----- Available data -----

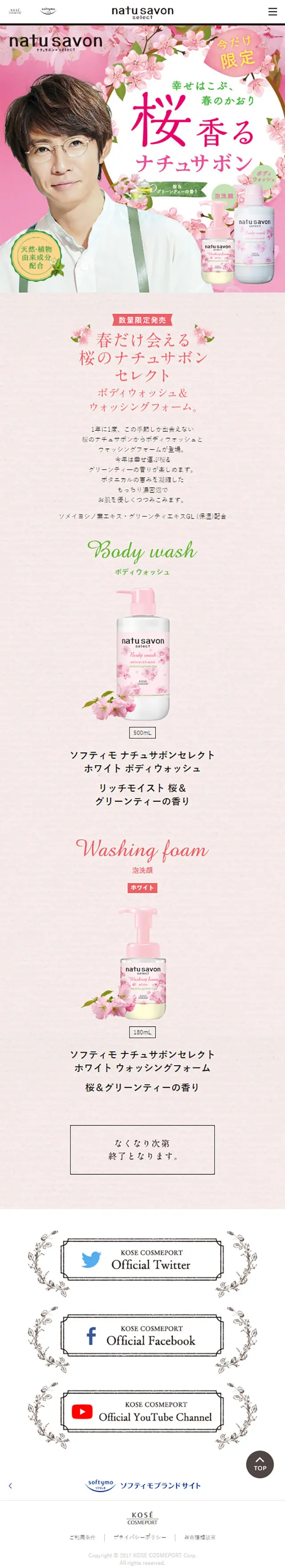 ソフティモ ナチュサボンセレクトのLPデザイン（美容・スキンケア・香水／ピンク系／かわいい系）スマホ版
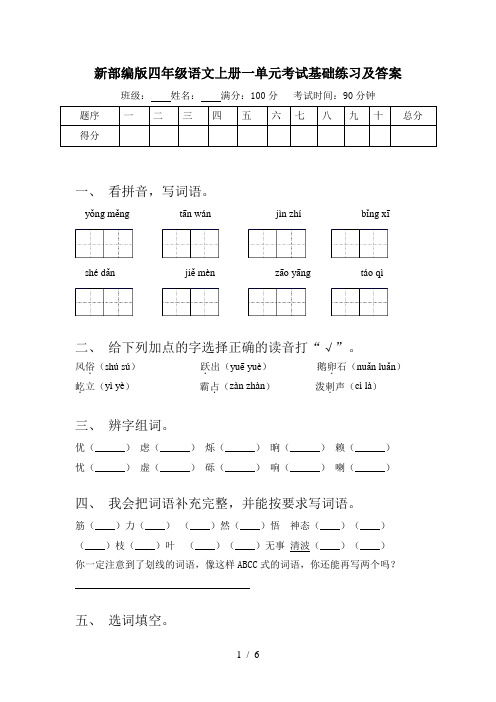 新部编版四年级语文上册一单元考试基础练习及答案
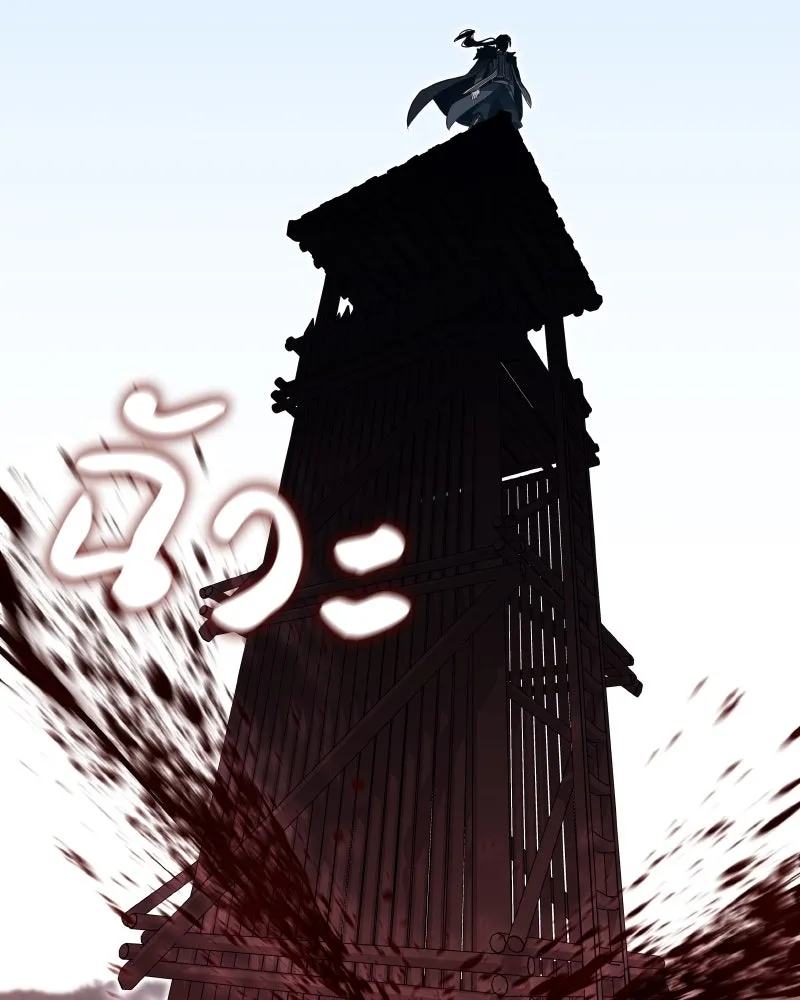 เกิดอีกทีเป็นว่าที่ประมุขลัทธิมาร ตอนที่ 82 รูปที่ 46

-----

Problem: Reproduce exactly the lines from the one with "新部编版四年级语文上册一单元考试基础练习及答案" to the bottom of the listing, both ends included, and nothing else. Skip the pictures.

Your solution:
 新部编版四年级语文上册一单元考试基础练习及答案
 เกิดอีกทีเป็นว่าที่ประมุขลัทธิมาร ตอนที่ 82 รูปที่ 46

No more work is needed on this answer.